Introduction to the Xen Virtual Machine
This article is intended mainly for developers who are new to Xen and who
want to know more about it. The first two sections, however, are general
and do not deal with code.
The
Xen
VMM (virtual machine monitor) is an open-source project that
is being developed in the computer laboratory of the University of
Cambridge, UK. It enables us to create many virtual machines, each of
which runs an instance of an operating system.
These guest operating systems can be a patched Linux kernel, version 2.4
or 2.6, or a patched NetBSD/FreeBSD kernel. User applications can run on
guest OSes as they are, without any change in code. Sun also is working
on a Solaris-on-Xen
port.
I have been following the Xen project closely for more than a year.

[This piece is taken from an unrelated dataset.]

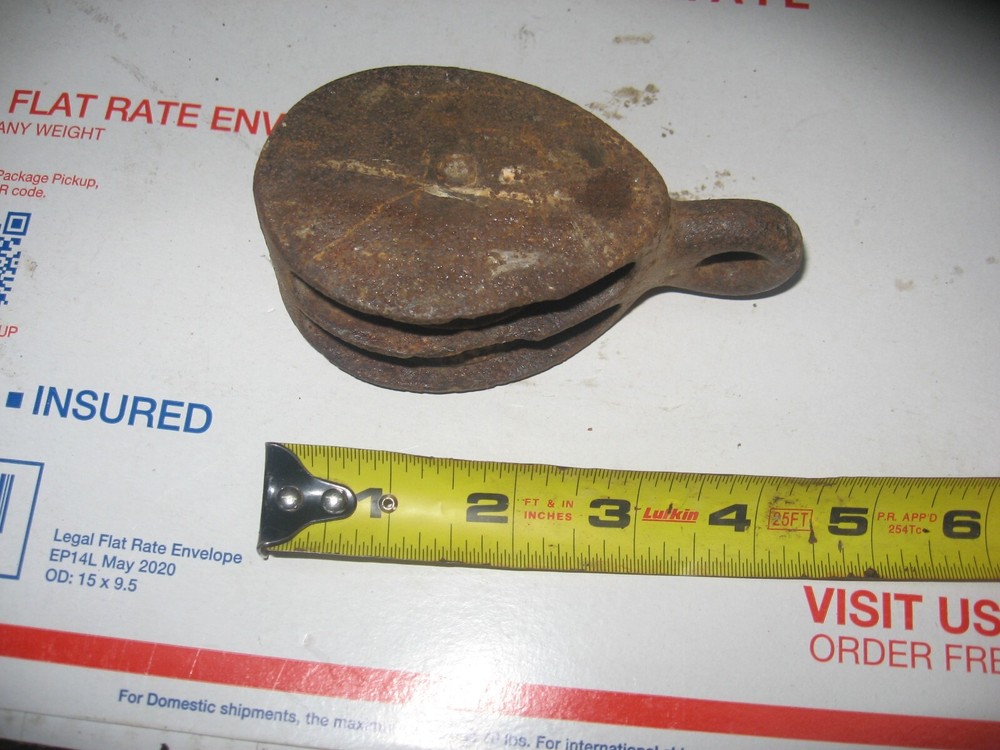 VINTAGE SMALL DOUBLE ROPE PULLEY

My interest in Xen began after I read about it in the OLS (Ottawa Linux
Symposium) 2004 proceedings. It increased after hearing
an interesting
lecture on the subject at a local UNIX group meeting.

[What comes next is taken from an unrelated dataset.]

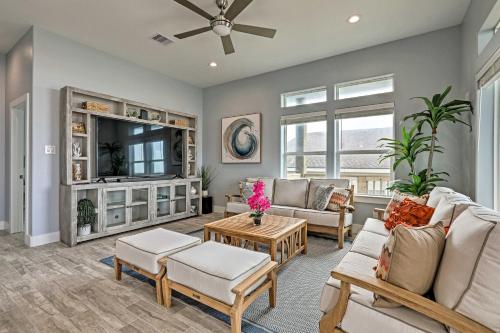 Villa Azul Galveston Home Modern and Beachfront! - main image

Full virtualization has been done with some hardware emulators; one of the
popular open-source projects is the Bochs IA-32 Emulator.
Another known project is qemu.
The disadvantage of hardware emulators is their performance.
The idea behind the Xen Project (para-virtualization) is not new.
The
performance metrics and the high efficiency it achieves,
however, can be seen as a breakthrough. The overhead of running Xen is
very small indeed, about 3%.
As was said in the beginning, currently Xen patches the kernel. But, future
processors will support virtualization so that the kernel can run on
it unpatched. For example, both Intel VT and AMD Pacifica processors
will include such support.
In August 2005,
XenSource,
a commercial company that develops virtualization solutions
based on Xen, announced in Intel Developer Forum (IDF) that it has used
Intel VT-Enabled Platforms with Xen to virtualize both Linux and
Microsoft Windows XP SP2.
Xen with Intel VT or Xen with AMD Pacifica would be competitive with if
not superior to other virtualization methods, as well as to native operation.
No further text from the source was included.